Thursday, May 15, 2014

Bigger Pay In Asia - Not Japan


For white collar workers in many parts of Asia, this is a good time to ask for a raise. Recruiting specialist Hays has just published its annual survey of more than 2,600 employers in China, Hong Kong, Japan, Malaysia, and Singapore and found that, with the notable exception of Japan, workers can expect significantly fatter pay packets this year. “Asia remains a hotbed of recruitment activity  and omnipresent high-level skills shortages are the continuous bane of hiring managers,” the Hays report says.
In China, 12 percent of employers surveyed last year increased salaries by more than 10 percent, and another 54 percent of companies gave raises ranging from 6 percent to 10 percent. The Year of the Horse looks to be a good year for workers, too, with Hays finding that 58 percent of Chinese employers surveyed expect to give raises of from 6 percent to 10 percent.
The one disappointment, not surprisingly, is Japan. Stagnant wage growth is a problem for Prime Minister Shinzo Abe’s plan to revive the country’s economy. Base salaries (excluding overtime and bonuses) fell 0.2 percent in April compared to a year earlier. That’s the 19th consecutive month of declining wages.
With prices already rising and a tax increase that hit in April, consumers need to take home more money in order to feel comfortable spending. That’s why Abe has been using his bully pulpit to pressure Japanese companies to raise wages. The government’s goal is “profits rise, then salaries rise, so consumption will increase, and again profits will rise. We get into a virtuous cycle,” Abe said in an interview with Bloomberg News in Germany earlier this month. “What we want is for wages to rise more than prices.”
Employers in Japan haven’t been too generous, though. According to the Hays survey, 16 percent of Japanese companies gave workers no raise last year, while the 64 percent that did increase salaries limited the raises to less than 3 percent. The outlook is pretty much the same this year, with 64 percent expecting raises of zero to 3 percent and 12 percent of employers surveyed saying they don’t expect to give raises at all.

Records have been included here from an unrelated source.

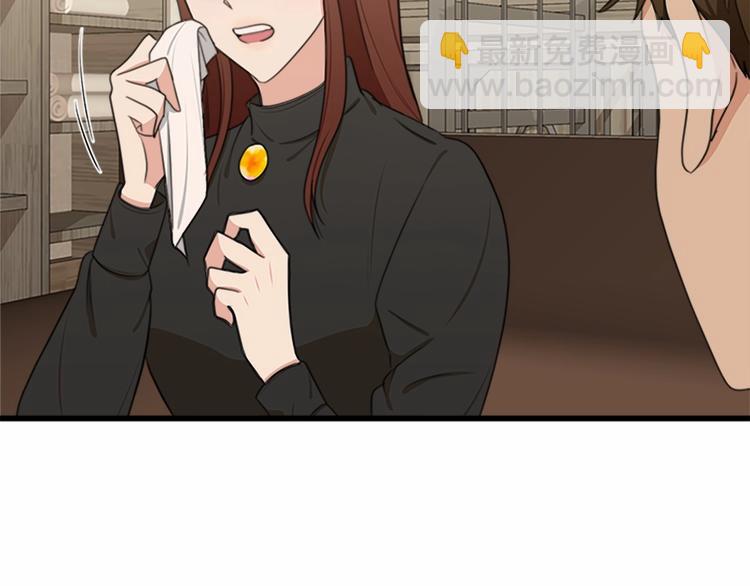 惡女的王座 - 第20話 視而不見(1/5) - 6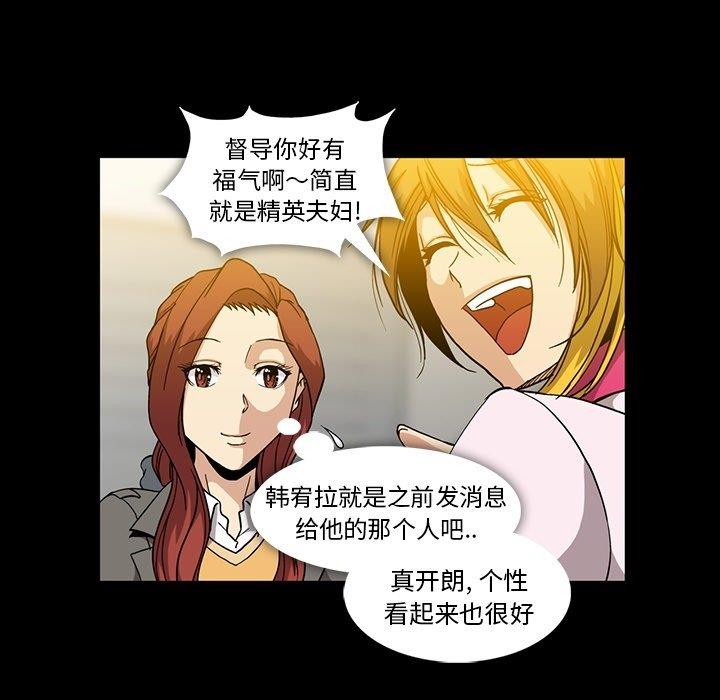 [韩国漫画] 蜜毒 爱情,巨乳大奶,OL#[97P]-54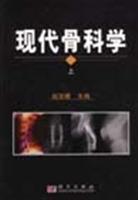 现代骨科学 上下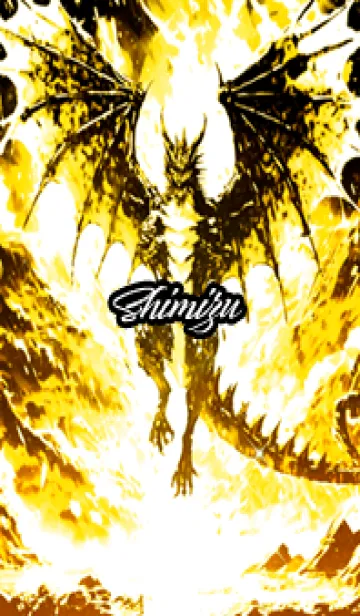 [LINE着せ替え] しみずの金運上昇♪金龍着せかえの画像1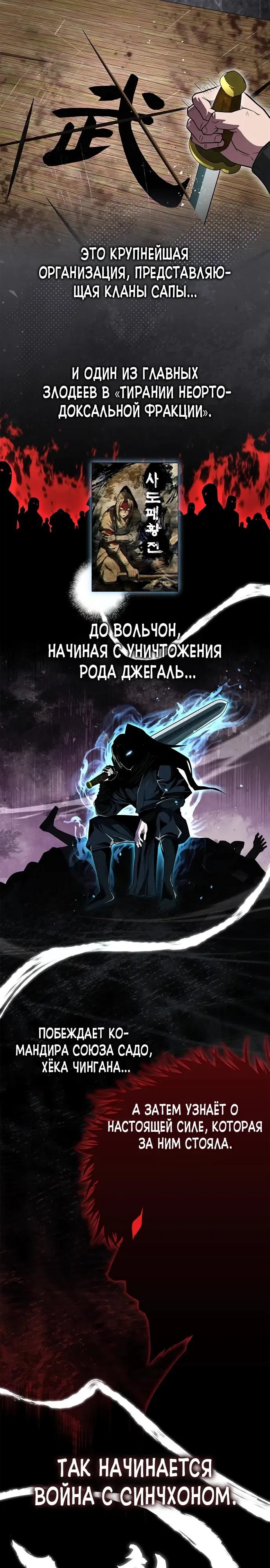 Манга Гениальный тренер боевых искусств - Глава 98 Страница 13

Another of Abe’s goals is to increase the role of women in the Japanese workforce. Japan ranked 105th among 136 countries in the World Economic Forum’s Global Gender Gap Report last year, and improving prospects for women who want to work is a “vital component” of Abenomics, the Prime Minister wrote in the Wall Street Journal last September. By the time Tokyo hosts the Olympic Games in 2020, he wants women to hold 30 percent of leadership positions in Japanese society.
Again, though, the Hays report shows just how much Japan lags behind the rest of the region. When asked the percentage of women in management positions, China did best  with 36 percent, followed by Hong Kong at 33 percent, Malaysia at 29 percent, and Singapore at 27 percent. Japan was last, with women holding only 15 percent of management positions at companies surveyed.